EXERCISE INSTRUCTIONS => Exactly reproduce the lines of the listing below from the one containing "Building Photo - Republic" through the one containing "A Redditor's silent". Skip the images.

RECORDS FOR THE TASK =>
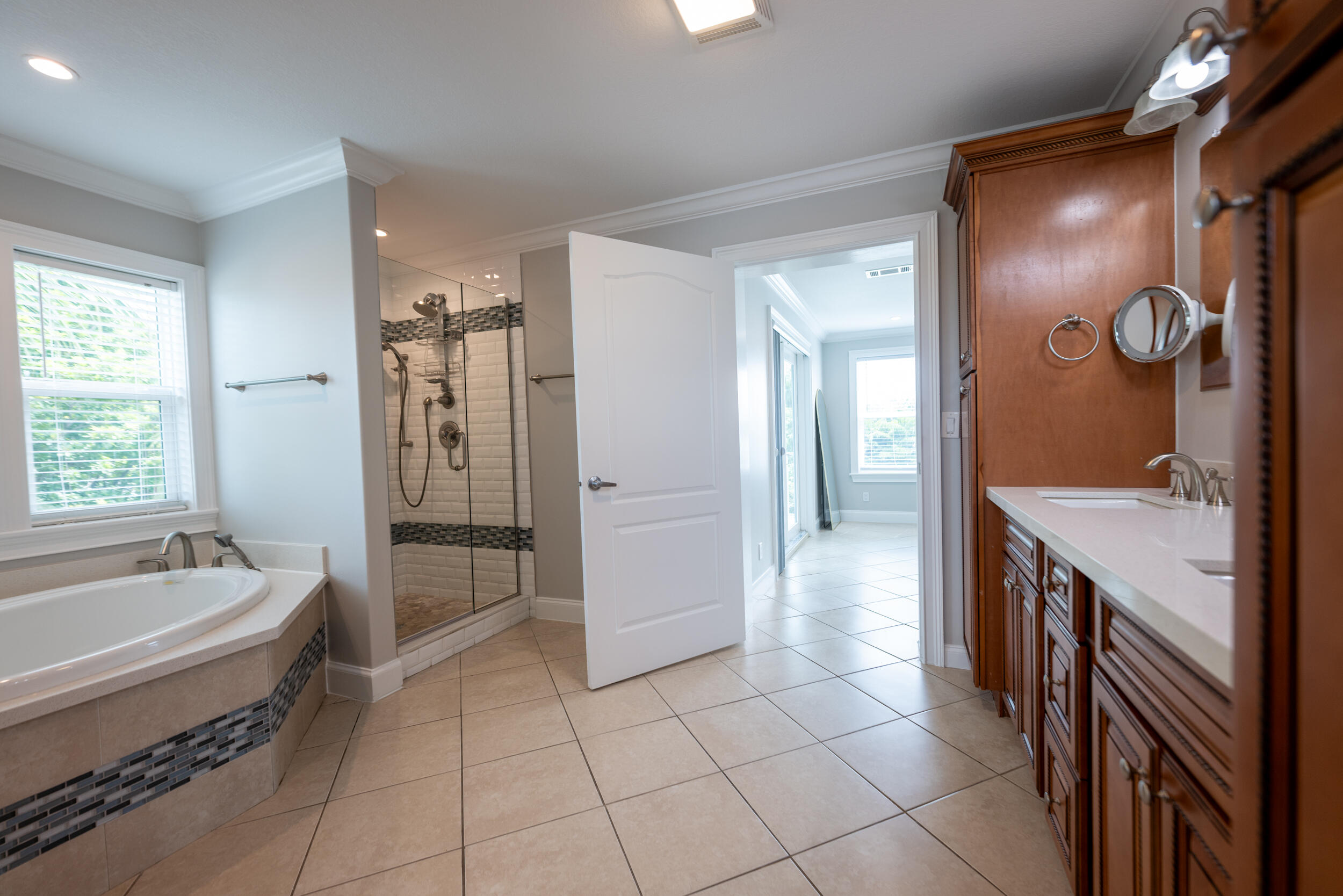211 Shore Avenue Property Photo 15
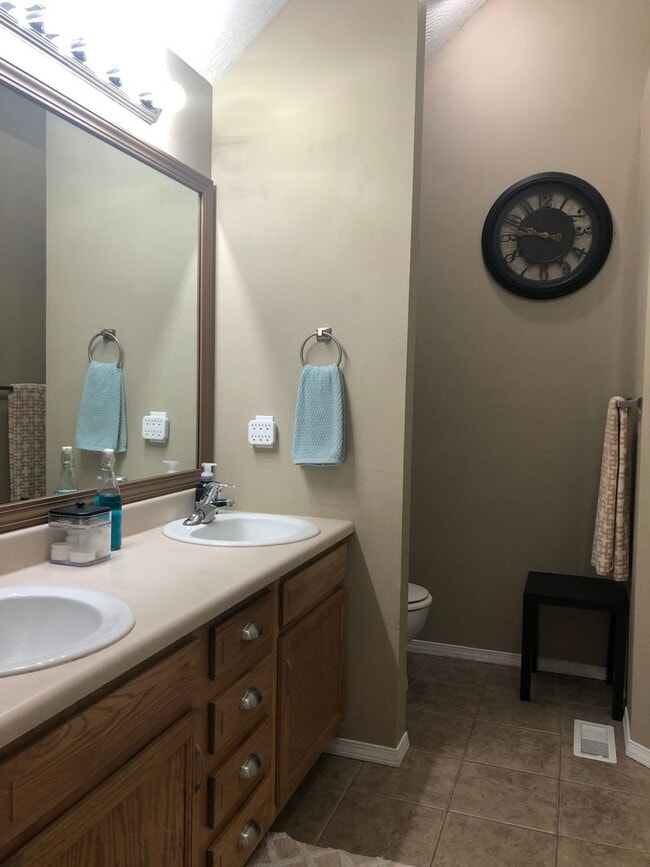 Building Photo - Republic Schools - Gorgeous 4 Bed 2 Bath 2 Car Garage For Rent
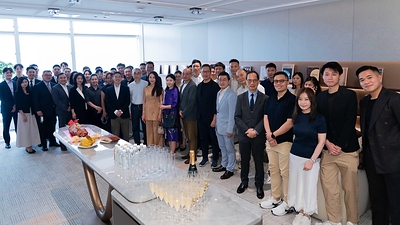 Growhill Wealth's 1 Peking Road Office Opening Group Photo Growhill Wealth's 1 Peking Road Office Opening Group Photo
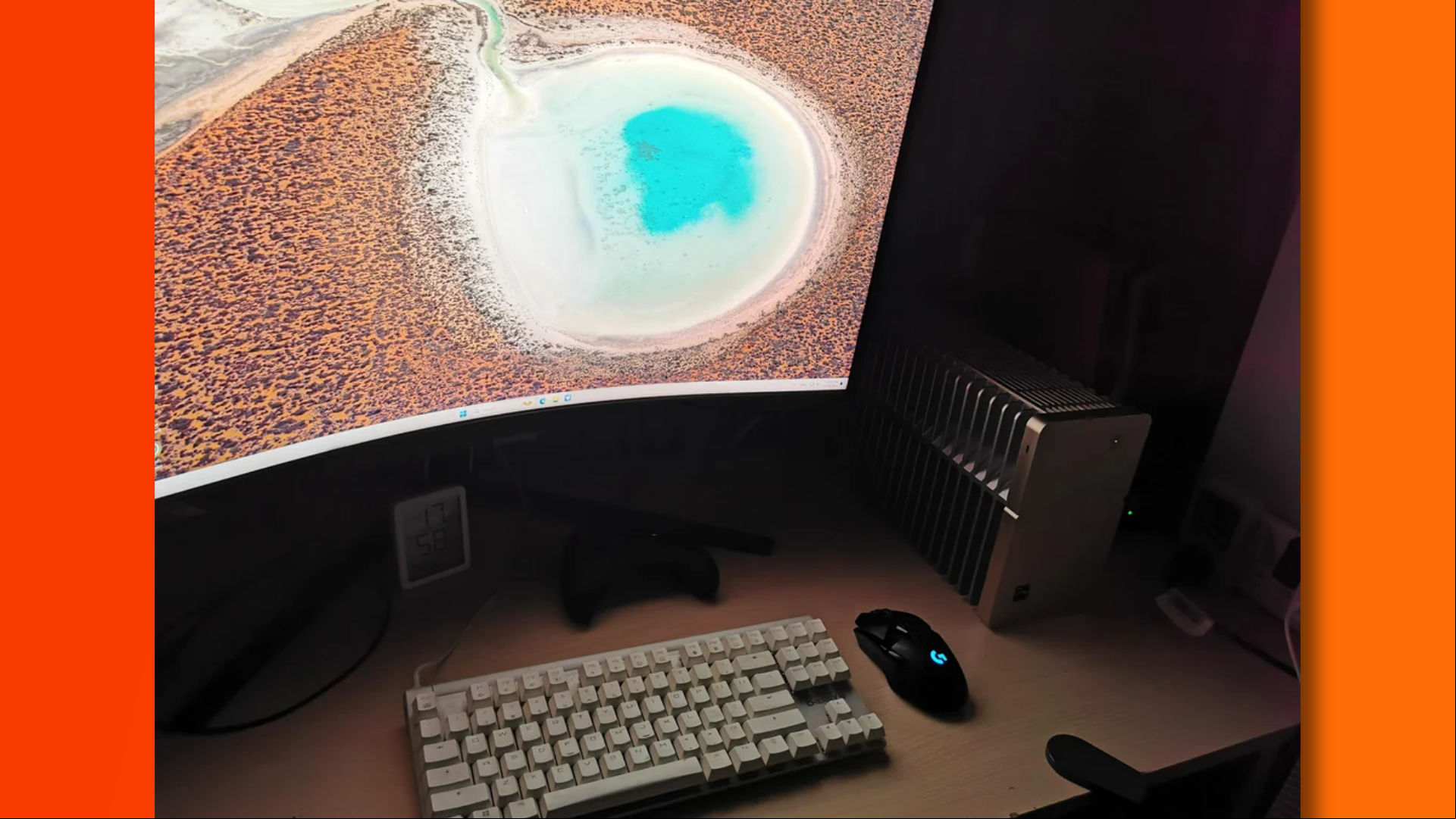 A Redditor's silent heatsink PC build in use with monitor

* * *

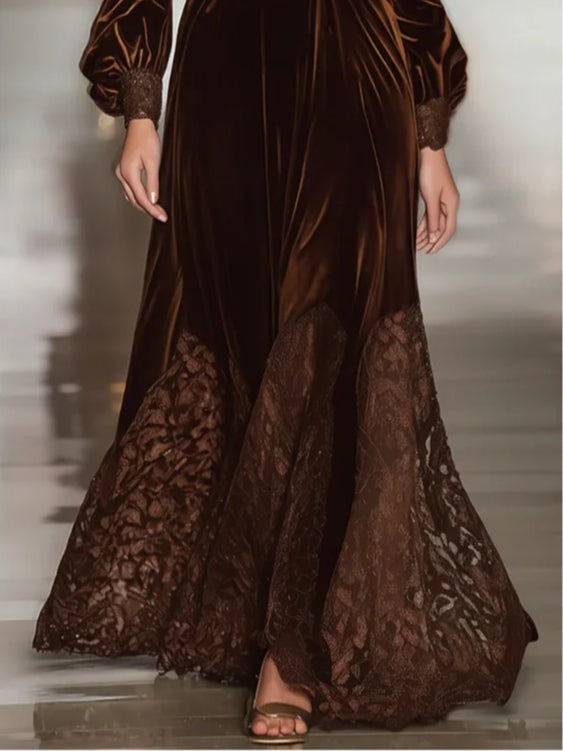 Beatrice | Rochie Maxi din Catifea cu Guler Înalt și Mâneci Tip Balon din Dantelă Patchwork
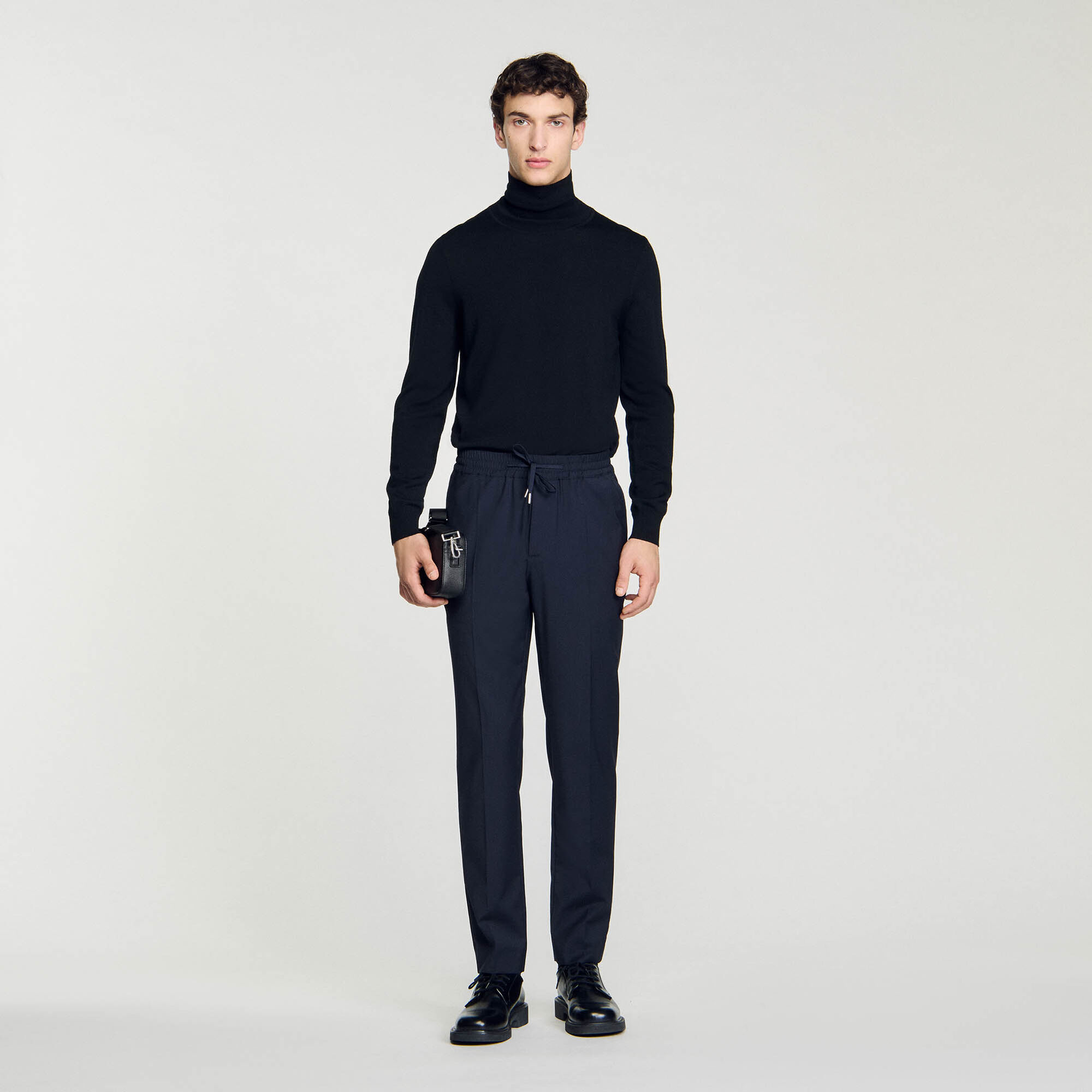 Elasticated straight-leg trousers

--

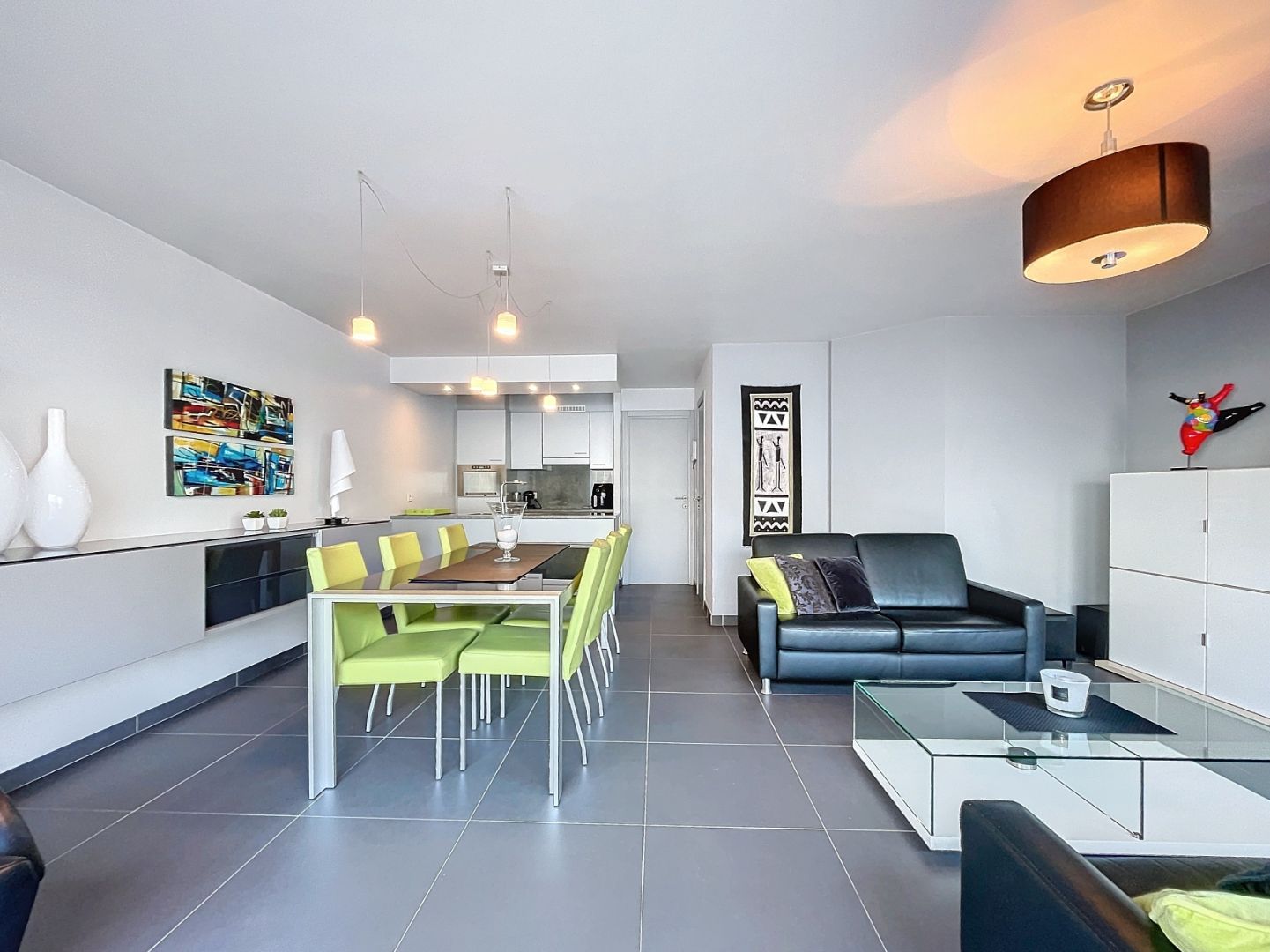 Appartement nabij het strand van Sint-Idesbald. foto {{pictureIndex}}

SOLUTION =>
 Building Photo - Republic Schools - Gorgeous 4 Bed 2 Bath 2 Car Garage For Rent
 Growhill Wealth's 1 Peking Road Office Opening Group Photo Growhill Wealth's 1 Peking Road Office Opening Group Photo
 A Redditor's silent heatsink PC build in use with monitor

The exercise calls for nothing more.